In the long-term, the plan is to become a central resource for communities across town to start-up their own food growing initiatives, a mentoring role in the spirit of Abalimi. The socio-economic status of those involved may be different, but the vision is similar: to involve the community in using our relationship with food as a catalyst for social and environmental change.
Change is one thing, but what about the numbers? Is it possible, even desirable, for urban areas to produce a significant amount of their own fresh food demand?
Urban visionaries such as Jeb Brugmann, author of the Urban Revolution, proclaim the need for a radical vision of cities which are net productive systems: producing more than they consume, processing more waste than they produce. Havana is touted as the pinnacle of what can be achieved when it comes to food: a staggering 90% of the inhabitants’ fruit and vegetables are grown in diverse, small, decentralised plots within the city boundary.
Is this possible here in Cape Town? Saul Roux, who works at the City of Cape Town, has calculated that growing 10% of the City’s current demand of fruit and vegetables from within a 30km radius of the city would require 1,313.77 hectares of land. This is less than a third of the current size of the Phillippi Horticultural Area.
To really achieve urban food production at scale, perhaps we have to look to the skies. Tucked away above the 12th floor of the City of Cape Town’s offices on 44 Wale Street is a small green space of tranquillity and calm. Once no more than a square of barren metal, the place is now teeming with beetroot, spinach and parsley. I sit in the heat with the man behind this creation Stephen Lamb, founder of Touching the Earth Lightly. We munch on vitamin C rich Spekboom leaves. He tells me: “This is about using every un-used roof space, and connecting people in cities with the soil that is beneath them.” By literally putting it above them.

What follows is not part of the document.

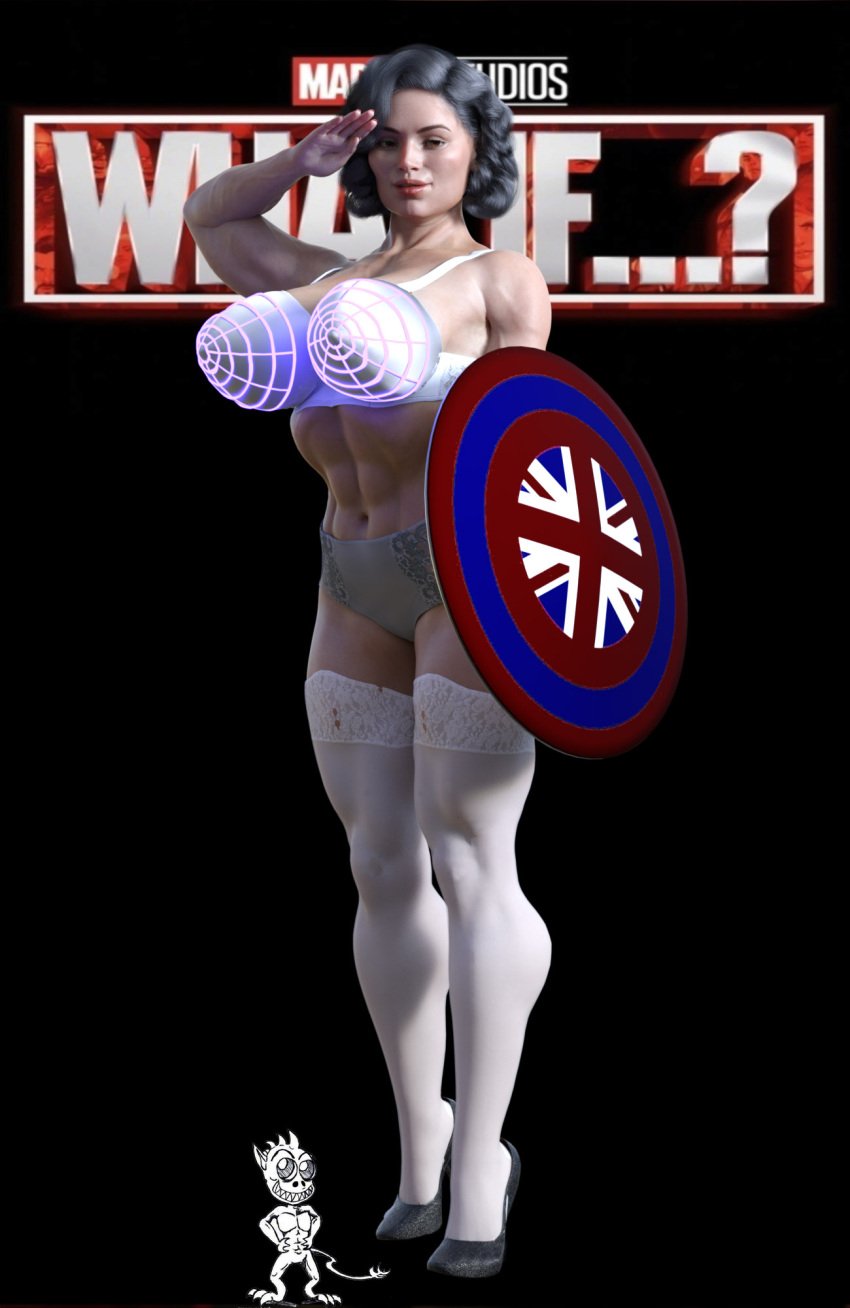 big_breasts captain_carter chup@cabra disney+ looking_at_viewer marvel marvel_cinematic_universe muscular_female peggy_carter solo_focus torpedo_breasts union_jack what_if...?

Stephen and a team of students have already mapped all the available food growing roof space in the CBD, and calculated the needs of shops and restaurants on the ground below. Stephen says it will require a partnership between big business, individuals and the city government. The city government has a crucial role to play and has made considerable progress to support initiatives: those at OZCF spoke highly of the staff they dealt with. However its dedicated urban agriculture unit appears to be under-resourced, and in South Africa, it is to eThekwini’s urban agriculture policy to which everyone looks as the “shining light”. But for Stephen, the momentum is already there. “It’s not a matter of if this space will be used, it’s a matter of when. People need to claim it now.”

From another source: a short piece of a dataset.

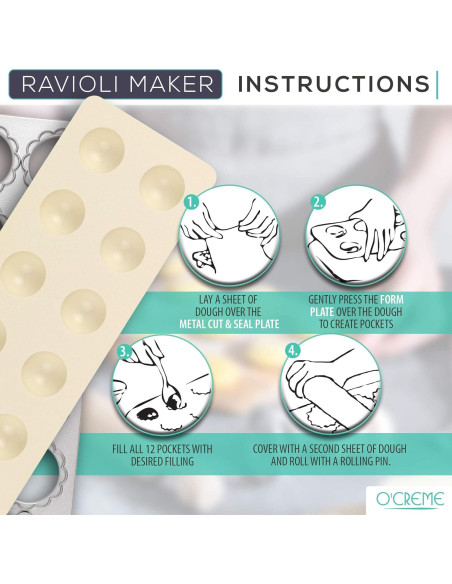 Hacedor de Raviolis O'Creme 12 Circulos 4.8 cm Antiadherente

Regardless what percentage of the city’s fruit and veg can be grown within the city, one thing is clear: the collective strength of these groups is bigger than their individual efforts. Imagine the OZCF model being replicated in a poor neighbourhood: providing organic nutritious food not just to local restaurants, but to the urban food poor. Imagine the “Mama’s” of Abalimi teaching their counterparts from the suburbs of Tamboerskloof and Oranjezicht a thing or two about growing turnips. Imagine the effect of a team of unemployed finding work to tend to one interconnected rooftop urban farm across the CBD.
The common message from the urban food growing pioneers of Cape Town?
Do it yourself. So fancy your own spot of land to grow some veggies with friends? Sign up to get a plot at Woodstock peace garden. Want to know how growing food can bring income and nutrition to the urban poor? Book a Tuesday tour to see the community gardens of the Cape Flats through Abalimi. Own a flat roof? Give Stephen Lamb a call. Want to contribute to the biggest food growing experiment in the CBD, and learn new skills in the process? Head up the hill to Upper Orange Street and get involved. As Mario the ex-organic farmer with a new home says: “Push to do it near where you live. There are lots of unused spaces out there where if the community came together they could grow food, and have fun at the same time.”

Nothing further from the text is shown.